Per i primi esploratori della Terra del Fuoco, lontana e inospitale, risultava semplicemente stupefacente come questi uomini, detti Fuegini, potessero sopravvivere nudi o al massimo coperti da un pezzo di pelle gettato sopra le spalle in un clima così freddo. E non riuscivano a darsi una spiegazione. I Fuegini, decimati dalle malattie e ormai quasi estinti già dai primi decenni del Novecento, hanno lasciato molti interrogativi senza risposta.
L’enigma è stato ora risolto da una ricerca internazionale coordinata dai Dipartimenti di Medicina sperimentale, Biologia ambientale e Medicina molecolare della Sapienza Università di Roma e pubblicata sulla rivista Scientific Reports.
L’analisi dei resti scheletrici e l’analisi genomica dei Fuegini, conservati presso il Museo di Antropologia Giuseppe Sergi della Sapienza, ha mostrato che l’adattamento alle basse temperature di questa popolazione era determinato da due particolari varianti genetiche che determinano una attivazione del grasso bruno.

Scheletri di Fuegini conservati al museo Sergi. © Sapienza Università di Roma
Il team di scienziati, sotto la guida di Lucio Gnessi e Giorgio Manzi della Sapienza ha analizzato alcuni resti scheletrici dei Fuegini. Dall’analisi dei reperti ci si sarebbe aspettati di rilevare una certa fragilità ossea, data l’esposizione di questi antichi abitanti alle basse temperature; è stata osservata invece una densità minerale ossea simile a quella di coloro che vivono in un clima temperato. Che cosa ha protetto, dunque, le ossa dei Fuegini dagli effetti negativi del freddo?

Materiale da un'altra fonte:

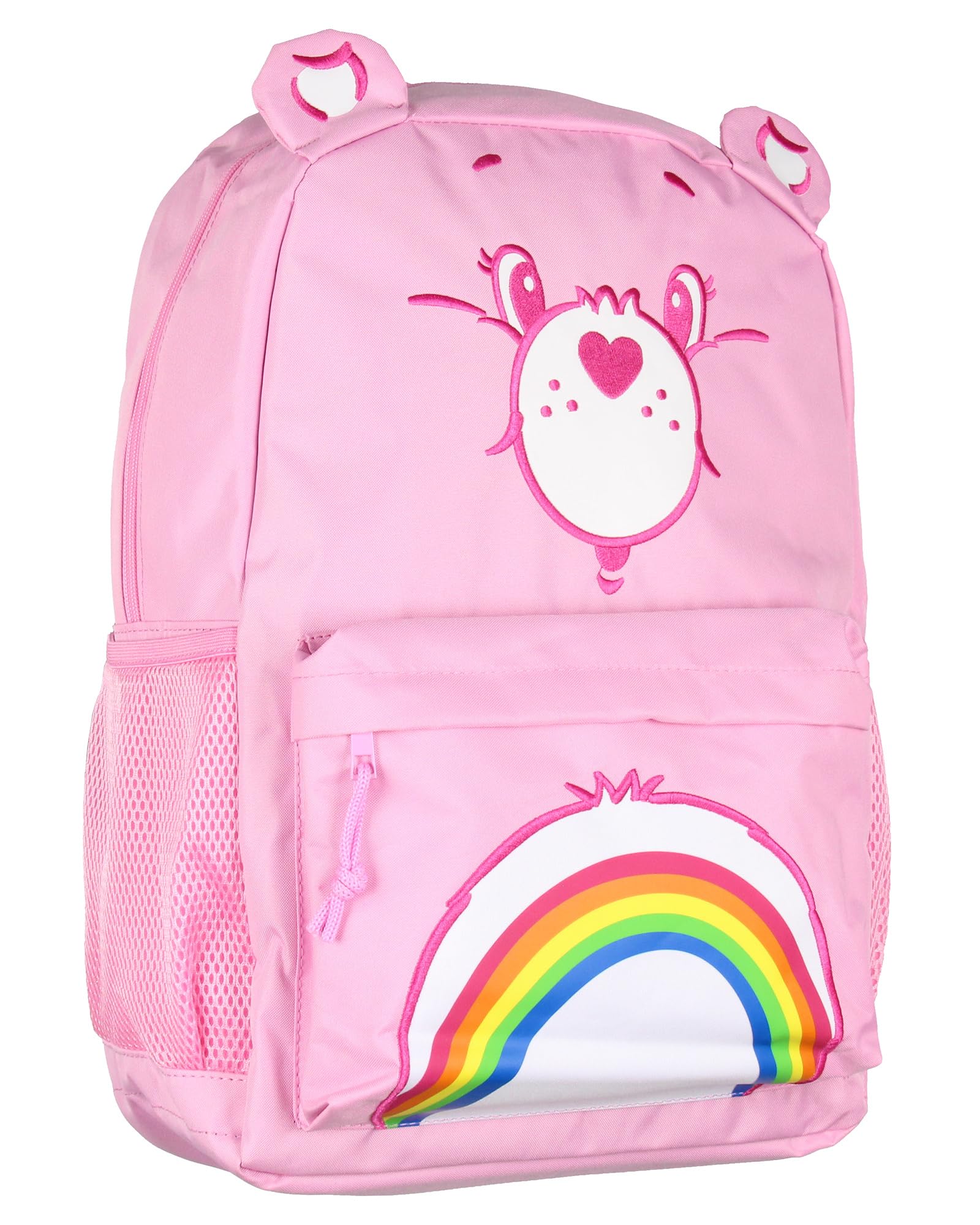 Mad Engine Care Bears Backpack Cheer Bear Embroidered Face Rainbow Belly Badge Design with 3D Ears Laptop School Travel Backpack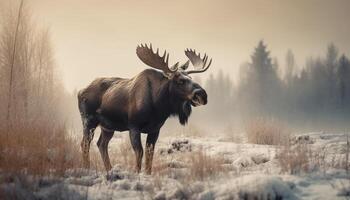 Horned elk grazes in snowy Alberta meadow generative AI photo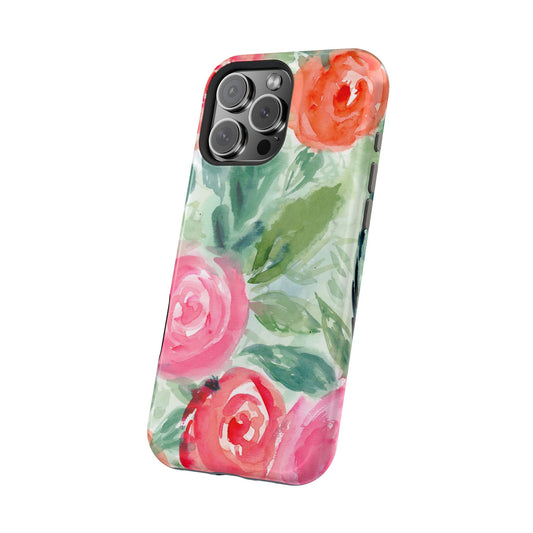 Loose Floral Watercolor Magnetic Phone Cover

Grazie alla collaborazione con esperti genetisti e bioinformatici, i ricercatori hanno individuato due piccole varianti genetiche mai descritte prima, presenti solo nei Fuegini e non in altri popoli esposti anch’essi al freddo estremo. Queste varianti sono collegate a uno dei meccanismi più importanti di adattamento metabolico al freddo, ovvero allo sviluppo e all’attivazione del grasso bruno, un particolare tipo di grasso la cui funzione principale è quella di produrre calore in risposta alle basse temperature, bruciando energia.
Dopo oltre un secolo dalle testimonianze degli esploratori dell’800, questi dati possono finalmente sciogliere gli interrogativi sullo straordinario adattamento al freddo dei Fuegini.